To ensure the team doesn’t miss anything, researchers hand sift through sections of soil measuring one-by-one square meters. So far, they’ve excavated around 400 of these units.
Archaeologists know of at least four or five Iroquois villages that once existed in southern Ontario, Slim tells Kitchener Today. According to CBC News, pottery specimens unearthed at the site are typical of Late Woodland Middle Ontario Iroquoian villages.
Speaking with Johanna Weidner of the Waterloo Region Record, Slim notes that activity in the area predates the newly excavated village by millennia—a fact evidenced by a 4,000-year-old Late Archaic period arrowhead found during the dig.
The archaeologist adds, “That just goes to show this was a very important resource area where people were coming back again and again.”
Liaisons from nearby Indigenous communities, including Six Nations of the Grand River, the Haudenosaunee Development Institute and the Mississaugas of the Credit, are collaborating with archaeologists on the project.
“We’re pretty excited to be working alongside them, having the First Nation community share their experience with us,” Slim tells CTV News’ Heather Senoran.
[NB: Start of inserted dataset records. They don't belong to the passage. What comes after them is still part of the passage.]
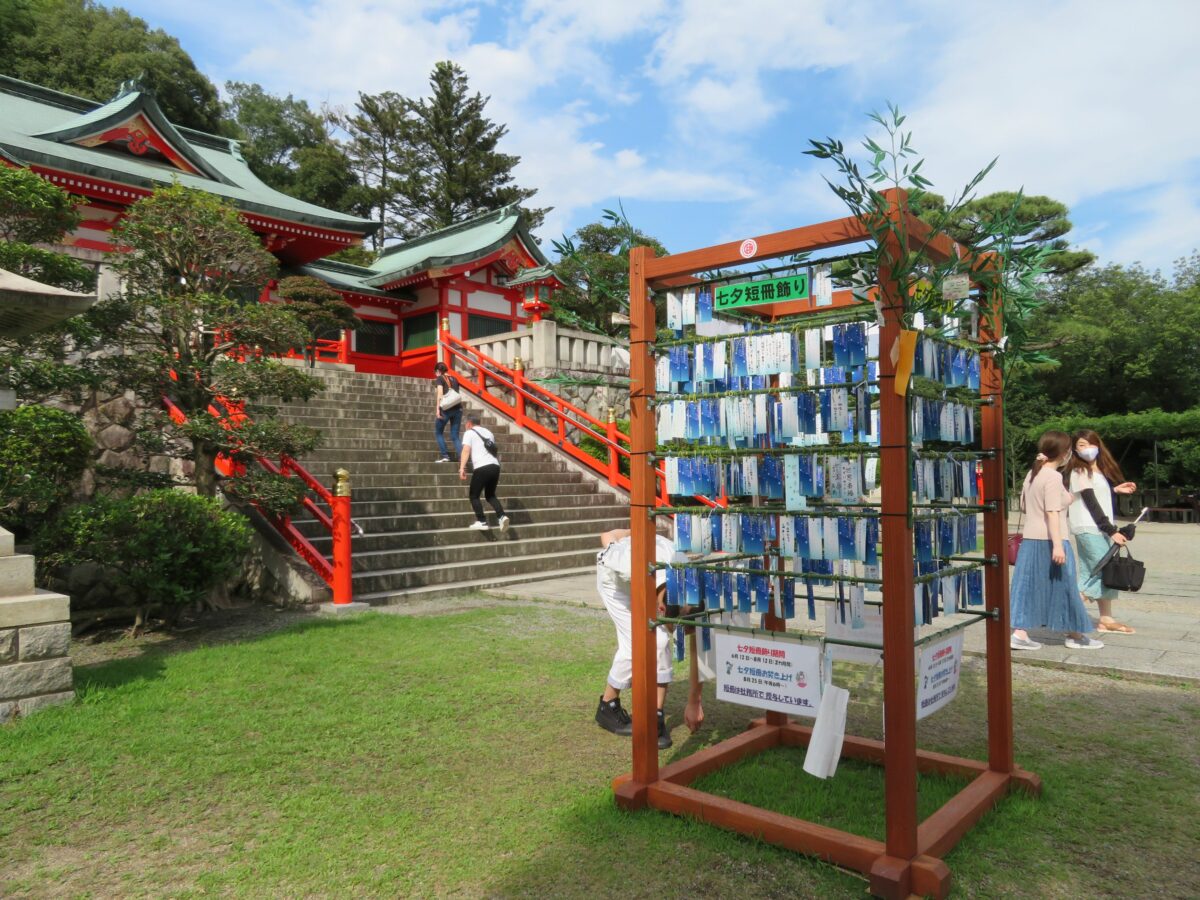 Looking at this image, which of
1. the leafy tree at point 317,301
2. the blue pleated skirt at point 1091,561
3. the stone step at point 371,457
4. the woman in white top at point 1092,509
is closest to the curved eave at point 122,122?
the leafy tree at point 317,301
Matthew Muttart, a field director with Wood PLC, tells Kitchener Today that the excavation team and First Nations groups will work together to clean and catalog the artifacts this winter. He hopes that the finds will help educate the public on the region’s history.
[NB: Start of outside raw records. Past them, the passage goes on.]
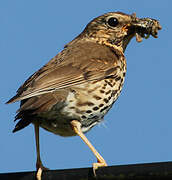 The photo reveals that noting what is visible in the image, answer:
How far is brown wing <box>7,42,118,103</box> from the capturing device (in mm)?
4570

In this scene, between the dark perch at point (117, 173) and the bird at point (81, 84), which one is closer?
the dark perch at point (117, 173)

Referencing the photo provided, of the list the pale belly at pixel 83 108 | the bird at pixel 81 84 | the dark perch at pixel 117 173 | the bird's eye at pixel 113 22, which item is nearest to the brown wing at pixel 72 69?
the bird at pixel 81 84

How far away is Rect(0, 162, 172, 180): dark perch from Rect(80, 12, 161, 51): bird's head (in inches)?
131

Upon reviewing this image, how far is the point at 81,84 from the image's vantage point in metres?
5.02

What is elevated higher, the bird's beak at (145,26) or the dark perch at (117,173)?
the dark perch at (117,173)

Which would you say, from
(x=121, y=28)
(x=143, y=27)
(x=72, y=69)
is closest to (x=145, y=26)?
(x=143, y=27)

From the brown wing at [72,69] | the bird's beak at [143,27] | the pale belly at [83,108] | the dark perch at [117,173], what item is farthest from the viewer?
the bird's beak at [143,27]

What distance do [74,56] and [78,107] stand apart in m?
0.96

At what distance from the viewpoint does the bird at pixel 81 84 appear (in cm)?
461

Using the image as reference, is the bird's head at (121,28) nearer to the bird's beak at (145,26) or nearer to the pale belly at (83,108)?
the bird's beak at (145,26)

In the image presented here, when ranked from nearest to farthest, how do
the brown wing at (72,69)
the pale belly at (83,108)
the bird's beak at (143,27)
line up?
the brown wing at (72,69)
the pale belly at (83,108)
the bird's beak at (143,27)

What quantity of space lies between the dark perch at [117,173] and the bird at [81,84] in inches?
35.2

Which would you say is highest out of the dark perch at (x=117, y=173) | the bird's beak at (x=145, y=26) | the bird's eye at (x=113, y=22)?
the dark perch at (x=117, y=173)

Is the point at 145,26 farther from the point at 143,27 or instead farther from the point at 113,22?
the point at 113,22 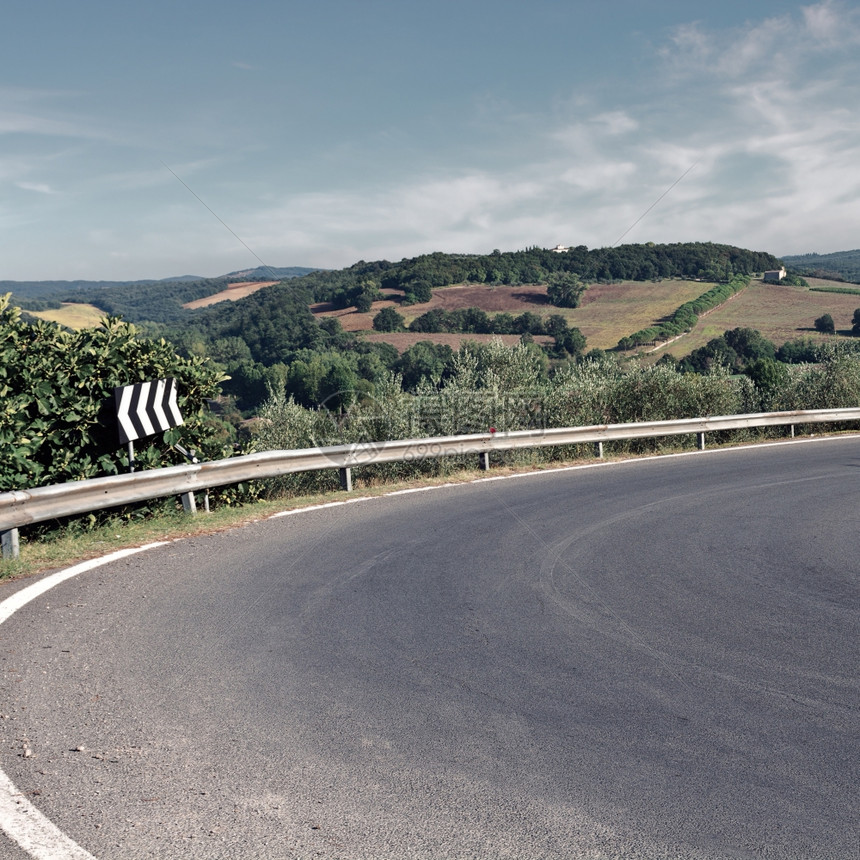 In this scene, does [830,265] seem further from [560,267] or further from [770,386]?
[770,386]

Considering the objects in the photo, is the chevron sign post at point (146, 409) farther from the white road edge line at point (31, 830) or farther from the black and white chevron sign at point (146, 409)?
the white road edge line at point (31, 830)

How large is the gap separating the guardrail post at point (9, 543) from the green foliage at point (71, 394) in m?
1.14

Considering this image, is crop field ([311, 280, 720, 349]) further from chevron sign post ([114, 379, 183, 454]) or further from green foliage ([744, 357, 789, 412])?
chevron sign post ([114, 379, 183, 454])

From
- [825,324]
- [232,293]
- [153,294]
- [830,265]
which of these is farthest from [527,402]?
[830,265]

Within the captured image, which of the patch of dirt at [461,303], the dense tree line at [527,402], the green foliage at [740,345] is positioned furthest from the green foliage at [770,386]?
the patch of dirt at [461,303]

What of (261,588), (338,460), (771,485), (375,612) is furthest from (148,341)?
(771,485)

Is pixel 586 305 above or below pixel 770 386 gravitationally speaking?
above

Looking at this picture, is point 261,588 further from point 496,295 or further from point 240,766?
point 496,295

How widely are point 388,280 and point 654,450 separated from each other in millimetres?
77696

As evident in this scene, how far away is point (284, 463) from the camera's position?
37.0 feet

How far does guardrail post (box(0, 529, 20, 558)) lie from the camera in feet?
24.0

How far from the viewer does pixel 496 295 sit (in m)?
87.9

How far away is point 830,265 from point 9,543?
514 ft

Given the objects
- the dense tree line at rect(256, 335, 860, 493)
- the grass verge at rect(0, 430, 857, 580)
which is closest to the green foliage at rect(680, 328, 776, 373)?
the dense tree line at rect(256, 335, 860, 493) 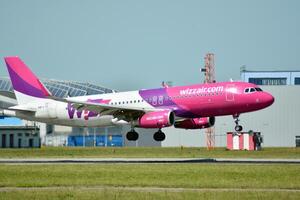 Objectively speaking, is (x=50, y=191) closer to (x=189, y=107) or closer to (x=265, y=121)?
(x=189, y=107)

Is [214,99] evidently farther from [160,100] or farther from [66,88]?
[66,88]

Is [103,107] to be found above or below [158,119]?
above

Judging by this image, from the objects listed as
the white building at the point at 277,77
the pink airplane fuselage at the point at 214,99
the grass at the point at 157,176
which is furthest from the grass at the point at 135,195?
the white building at the point at 277,77

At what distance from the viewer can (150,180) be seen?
3819 cm

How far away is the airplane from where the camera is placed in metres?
62.1

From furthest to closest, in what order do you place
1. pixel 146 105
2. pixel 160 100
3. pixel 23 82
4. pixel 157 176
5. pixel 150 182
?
pixel 23 82, pixel 146 105, pixel 160 100, pixel 157 176, pixel 150 182

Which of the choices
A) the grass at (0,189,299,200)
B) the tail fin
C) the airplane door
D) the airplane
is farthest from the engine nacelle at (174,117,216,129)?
the grass at (0,189,299,200)

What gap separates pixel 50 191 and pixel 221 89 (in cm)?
3165

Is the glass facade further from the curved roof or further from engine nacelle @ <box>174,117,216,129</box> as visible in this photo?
engine nacelle @ <box>174,117,216,129</box>

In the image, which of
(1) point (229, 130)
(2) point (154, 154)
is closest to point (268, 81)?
(1) point (229, 130)

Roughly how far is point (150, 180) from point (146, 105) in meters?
27.9

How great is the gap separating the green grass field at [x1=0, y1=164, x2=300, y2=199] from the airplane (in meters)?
14.5

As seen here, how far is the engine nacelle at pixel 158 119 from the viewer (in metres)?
60.9

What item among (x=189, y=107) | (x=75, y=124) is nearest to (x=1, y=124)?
(x=75, y=124) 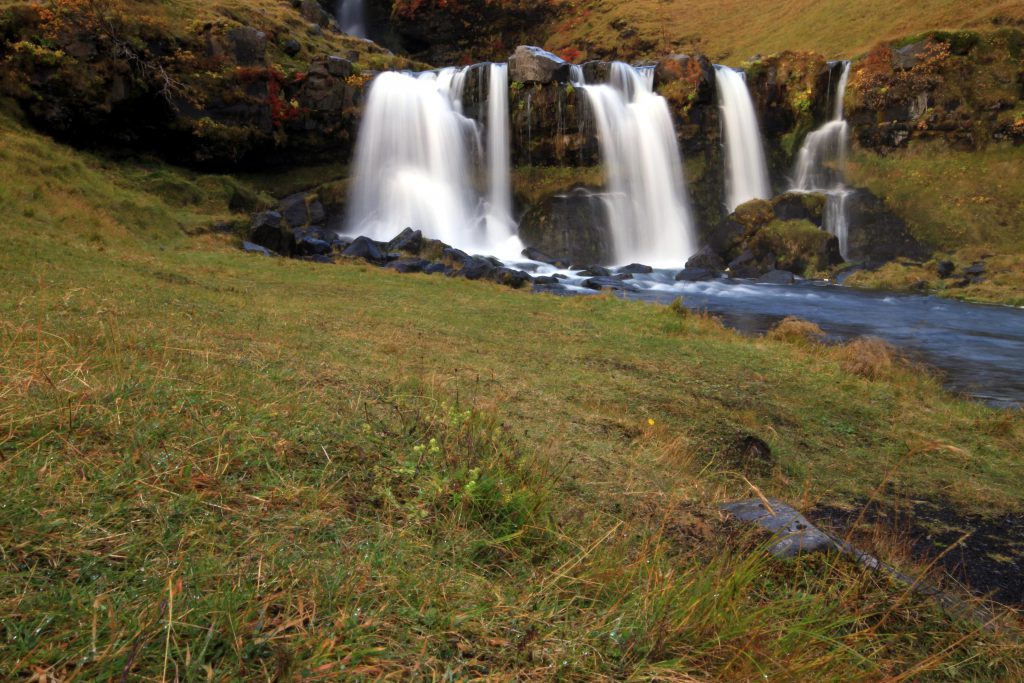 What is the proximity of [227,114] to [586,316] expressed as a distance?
2092 cm

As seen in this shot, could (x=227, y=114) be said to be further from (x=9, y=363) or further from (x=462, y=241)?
(x=9, y=363)

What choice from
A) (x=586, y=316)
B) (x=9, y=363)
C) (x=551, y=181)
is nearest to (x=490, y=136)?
(x=551, y=181)

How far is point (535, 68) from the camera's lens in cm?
3306

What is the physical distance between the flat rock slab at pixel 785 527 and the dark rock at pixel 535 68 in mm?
31290

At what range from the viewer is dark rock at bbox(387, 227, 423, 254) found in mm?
24141

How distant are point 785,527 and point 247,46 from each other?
3193 centimetres

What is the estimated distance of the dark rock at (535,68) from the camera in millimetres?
33031

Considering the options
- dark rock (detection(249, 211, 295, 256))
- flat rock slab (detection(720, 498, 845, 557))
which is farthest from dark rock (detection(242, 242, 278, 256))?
flat rock slab (detection(720, 498, 845, 557))

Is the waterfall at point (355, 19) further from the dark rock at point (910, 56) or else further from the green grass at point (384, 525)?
the green grass at point (384, 525)

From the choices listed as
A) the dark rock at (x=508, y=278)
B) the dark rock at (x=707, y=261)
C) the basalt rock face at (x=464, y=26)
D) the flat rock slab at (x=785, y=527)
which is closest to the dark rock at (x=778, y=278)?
the dark rock at (x=707, y=261)

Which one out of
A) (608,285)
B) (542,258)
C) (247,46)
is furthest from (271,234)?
(247,46)

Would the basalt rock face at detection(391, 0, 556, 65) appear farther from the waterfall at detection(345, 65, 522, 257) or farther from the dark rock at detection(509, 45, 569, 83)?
the waterfall at detection(345, 65, 522, 257)

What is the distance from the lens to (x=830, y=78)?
37375mm

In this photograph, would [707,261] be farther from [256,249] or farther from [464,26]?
[464,26] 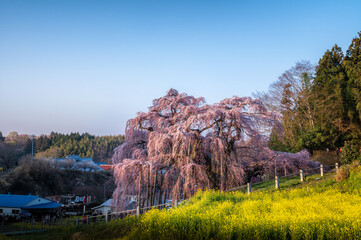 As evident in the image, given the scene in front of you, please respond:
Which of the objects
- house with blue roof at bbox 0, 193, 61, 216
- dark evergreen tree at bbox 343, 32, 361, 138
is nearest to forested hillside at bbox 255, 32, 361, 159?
dark evergreen tree at bbox 343, 32, 361, 138

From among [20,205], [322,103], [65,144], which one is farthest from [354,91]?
[65,144]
“We’re in this part of the world that [has] been occupied for at least 10,000 years; it has a very rich history and a history that Canadians don’t get a lot of opportunities to learn about,” Muttart says. “We’re writing the last chapter of this site … so it’s really important that we’re doing it meticulously, giving it the respect and care that the site deserves.”
In addition to helping the public understand Ontario’s past, the discoveries provide important connections to the present, especially for Indigenous people today.
“Don’t forget, we’ve been here all along, this isn’t ancient history,” Heather George, a Mohawk woman and historian at the University of Waterloo, tells CBC News. “I hope that by having these artifacts accessible to community and interpreted by community that it gives that space for those conversations to happen.”
Fencing separates the dig from a nearby construction project, per CTV News. The construction company hopes to complete a two-lane road through the area by the end of 2020; the end date of archaeological work, meanwhile, will depend on what the team finds.
“Usually in archaeology when you have a roadway you assume that that extent of disturbance would completely have removed the site,” Slim tells Kitchener Today. “In this case it did the opposite; it capped it under [almost six feet] of fill with four layers of asphalt—so we’re in the process of excavating that.”